The way the keys are segmented makes this board feel a little more accurate than your average membrane board, but not a lot better. It does not feel particularly precise, but whether in FPS titles, fast paced MOBAs or something more relaxing, I found the Masterkey Lite a pretty capable gaming keyboard.

It does not have any back-end software, so there are no tweaks to be made there. There are no macro keys either – this is quite a barebones board. However you can adjust the repeat speed if you wish, which is a nice addition, though not something I have ever made much use of.

In terms of typing, I did not enjoy my time with the Masterkey Lite to the same extent as I did when gaming. While the switches are perhaps a little improved over a classic membrane board, I really do not like to type on them. They feel spongy and inaccurate and though you can feel the actuation, it is not very obvious.

Often I found myself driving the switches extra hard to bottom them out for confirmation, but that becomes very tiring on the wrists and fingers very quickly.


It is adequate for sure and if you are not a regular typist, this is probably not as big a deal as it is for me. For quickly tapping out a message to friends, it works fine and if you have never used a mechanical you will have no problems with it.

That said, I certainly would not recommend it for regular typists or mechanical fans, even on a budget.

The only other point to mention with the keyboard is the lighting. Cooler master has done a great job there. The range of colours is fully RGB and you can adjust it all using the function keys on the board itself in a very simple manner.

Lighting coverage is very strong too, with the central LEDS, white undercoat and clear plastic switch housings going a long way to make the keys light up in a uniform fashion. However they face a new problem because of their height. Because of the extra layers needed in a membrane board, some of the keys farthest from you lose some of their lustre around the edges, as the angle of the translucent keys just does not send the light in your direction.

The escape key for example looks dull compared to the rest.

The mouse

Although the Masterkey Lite gaming mouse is hardly set to win any style awards, it is a fairly capable gaming mouse. Throughout my testing of it in a variety of FPS, MOBA, RTS and RPG titles, I found it to have a decent sensitivity range, strong accuracy and it was fairly comfortable over long periods.

Thanks to the Teflon mouse feet it moves smoothly over a variety of surfaces and can even work just on your desk surface if you want, which is a surprise for an optical sensor.

I found DPI changing on the fly a adequate but not perfect, since it has a sensitivity cycle button rather than an up/down selector. However it is possible and since there are only a handful of settings that was not too problematic.


Those who like their mouse to do a lot of jobs for them will be disappointed with the lack of many side buttons, but you cannot remap these ones any way.

Personally I missed rubber side grips.

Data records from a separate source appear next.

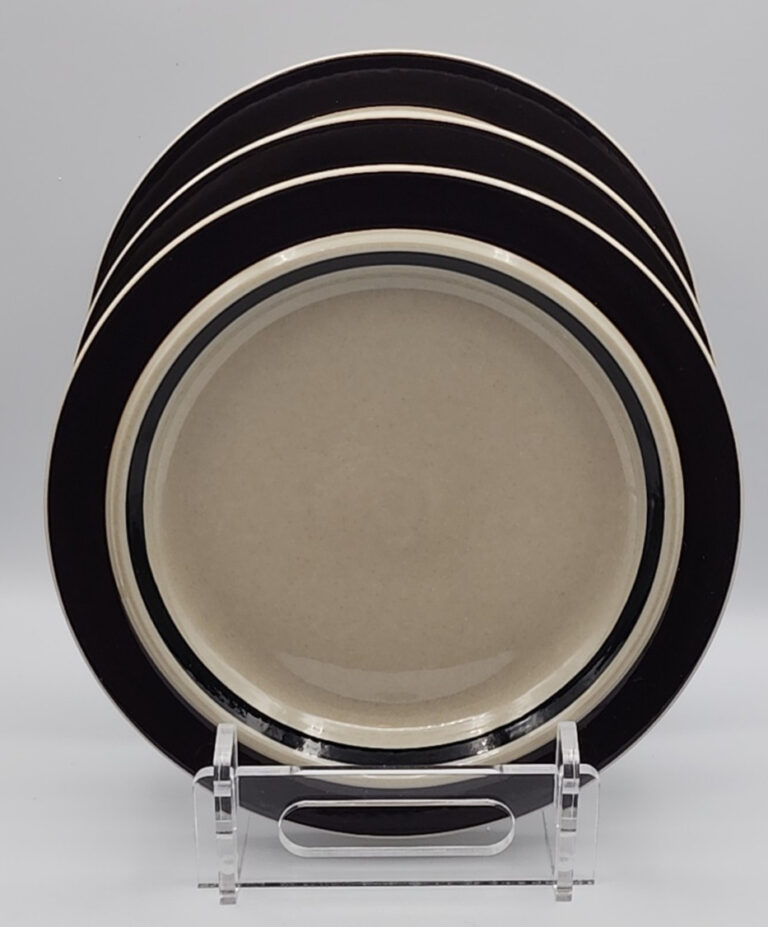 Read more about the article Ruija Troubadour Arabia of Finland Dinner Plate 10″ Diameter Set of 3 READ BLUE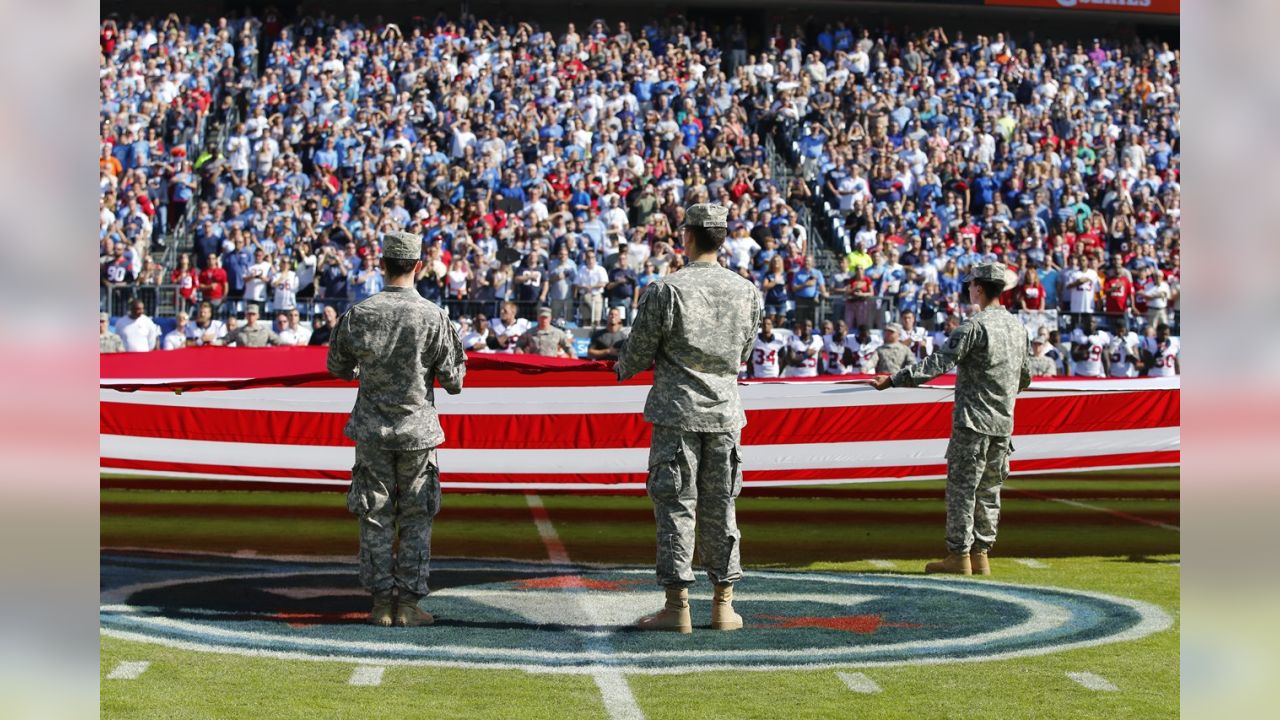 Titans Honor Military in New Costumes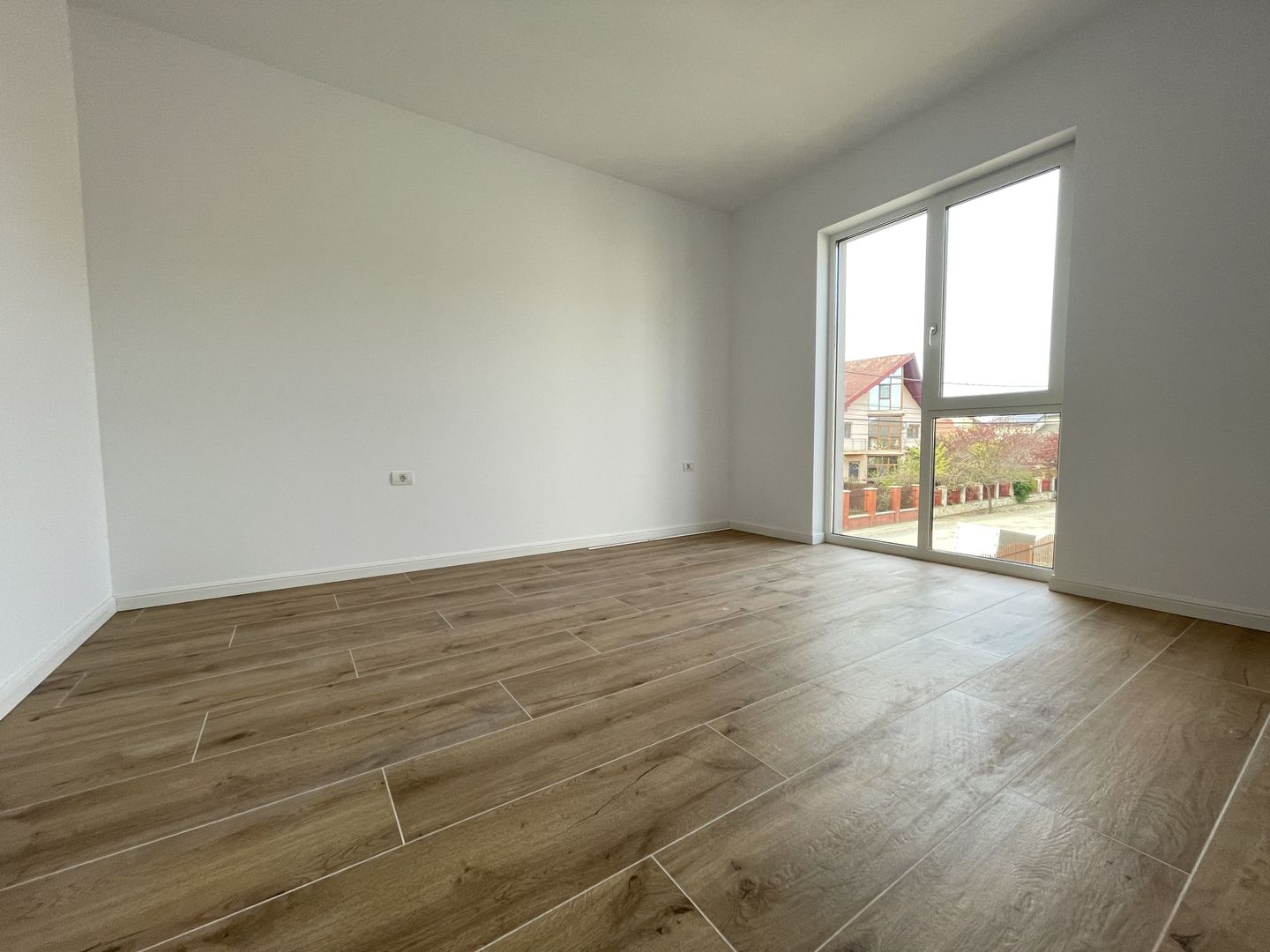 Braytim | Case insiruite | 4 camere | Strazi asfaltate | Comision 0% - Poză 13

Anyone who has read a few of my peripheral reviews knows that when the game gets tense, my hands start sweating, which can be problematic without adequate grip. I never found myself slipping off of the Masterkey Lite mouse, to its credit, but I would still like something better than hard plastic to grip on to – even if just to move the moisture away from my hand.

In general use I found the mouse equally capable. Nothing really to shout about but nothing very negative to say either. The scroll wheel can be noisy, but it is sturdy and rubber coated for extra grip.

The lighting on the mouse is fine, but a little obnoxiously bright at certain angles. I do like that even on an economy-level mouse though, Cooler Master included a cable protector to stop it shearing off after months or years of use.